01 July 2010

The Vegetable Gene

I planted a garden. I took those little plant-starts tenderly out of their plastic and tucked them into new dirt homes in our backyard. I was a good gardener. I tilled the ground, de-rocked the dirt, and put a little water into the bottom of the holes before setting the plants inside. He helped me fertilize a bit-- all in an effort to give the dirt a little more life.

After the planting, I sat in our flower-power porch chair and looked at the plants. I knew, right then, that these plants would be the joy of my summer days.

My mom was an avid gardener. It's a gene that she carried from her father. My grandpa. I wrote an essay once, My Grandpa, the Vegetable Man. Yes, he's a vegetable man with a garden like you've never seen-- massive, green, abundant. He's known to say-- It's been twenty years since I've bought a vegetable. He says it proud.

Well-earned pride, I'd say.

I didn't know that the gene had come through to me until I was sitting in the chair on the porch. I felt the adrenalin of excitement pulse as I imagined the tomatoes and the zucchini that I would be harvesting in just a few weeks time. It said six weeks on the carrot seed packet.

The next morning, the plants were dead. One night, I was sitting on the flower-power chair dreaming of peppers and carrots. The next morning, I sat on the strip of sidewalk by the now-dead plants. One night. Twelve hours. That's how long my dreams lasted. I don't want to say I cried. I didn't.

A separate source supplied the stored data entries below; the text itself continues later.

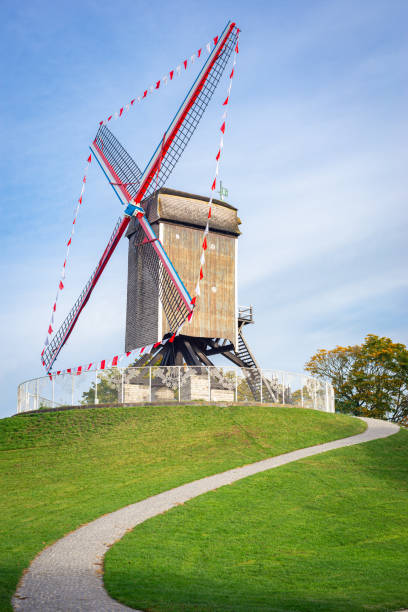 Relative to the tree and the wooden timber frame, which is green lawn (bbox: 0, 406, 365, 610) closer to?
the wooden timber frame

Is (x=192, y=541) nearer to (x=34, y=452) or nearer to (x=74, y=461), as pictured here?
(x=74, y=461)

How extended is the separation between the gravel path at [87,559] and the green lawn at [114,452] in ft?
1.58

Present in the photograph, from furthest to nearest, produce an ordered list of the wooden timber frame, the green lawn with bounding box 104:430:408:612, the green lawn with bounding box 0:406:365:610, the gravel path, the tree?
the tree → the wooden timber frame → the green lawn with bounding box 0:406:365:610 → the green lawn with bounding box 104:430:408:612 → the gravel path

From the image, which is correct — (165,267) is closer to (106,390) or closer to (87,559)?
(106,390)

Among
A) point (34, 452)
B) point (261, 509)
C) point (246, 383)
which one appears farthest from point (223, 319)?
point (261, 509)

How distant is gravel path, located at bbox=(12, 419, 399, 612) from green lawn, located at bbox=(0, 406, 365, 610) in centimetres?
48

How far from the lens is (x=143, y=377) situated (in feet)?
91.1

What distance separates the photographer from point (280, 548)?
12.8 m

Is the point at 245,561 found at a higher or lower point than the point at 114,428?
lower

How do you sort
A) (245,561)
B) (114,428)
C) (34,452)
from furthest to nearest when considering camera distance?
(114,428)
(34,452)
(245,561)

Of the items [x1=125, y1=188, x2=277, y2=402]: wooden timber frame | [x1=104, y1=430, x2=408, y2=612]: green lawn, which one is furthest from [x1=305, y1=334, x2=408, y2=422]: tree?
[x1=104, y1=430, x2=408, y2=612]: green lawn

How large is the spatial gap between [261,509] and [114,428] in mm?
10121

But I'm not exaggerating when I say that there were tears involved. They just didn't overflow very fast. But there were tears.

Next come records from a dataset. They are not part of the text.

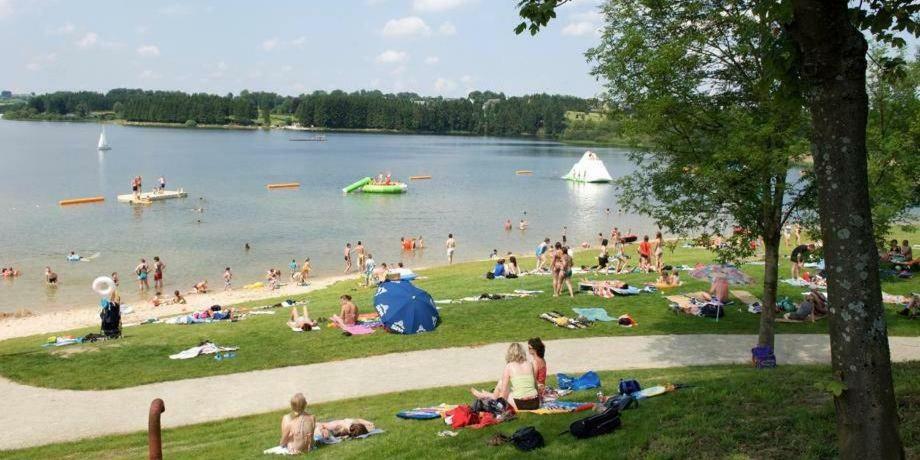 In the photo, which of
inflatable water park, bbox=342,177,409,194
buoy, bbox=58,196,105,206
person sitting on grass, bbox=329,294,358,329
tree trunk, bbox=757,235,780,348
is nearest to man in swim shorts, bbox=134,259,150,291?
person sitting on grass, bbox=329,294,358,329

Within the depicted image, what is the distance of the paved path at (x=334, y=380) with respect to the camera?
487 inches

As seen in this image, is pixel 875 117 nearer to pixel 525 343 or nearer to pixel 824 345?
pixel 824 345

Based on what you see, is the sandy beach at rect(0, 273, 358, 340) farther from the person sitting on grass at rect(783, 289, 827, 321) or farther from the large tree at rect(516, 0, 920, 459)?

Because you see, I wanted a garden real bad. It's just that that life-giving fertilizer was death to the dirt. Fertilizer can be bad for dirt. Too much fertilizer and no time to let the dirt cool off. I didn't know the dangers.

I'm not a vegetable man.

2 comments:

Rebecca Woolf said...

Cute post! Ah you are such a great writer.

Caitlin said...

You know what, my dad also loved having a vegetable garden. The garden in my mom's backyard has severely dwindled since his death. Maybe you and I should have a shared garden in honor of our deceased parents. And if the plants die it says nothing about our love for them.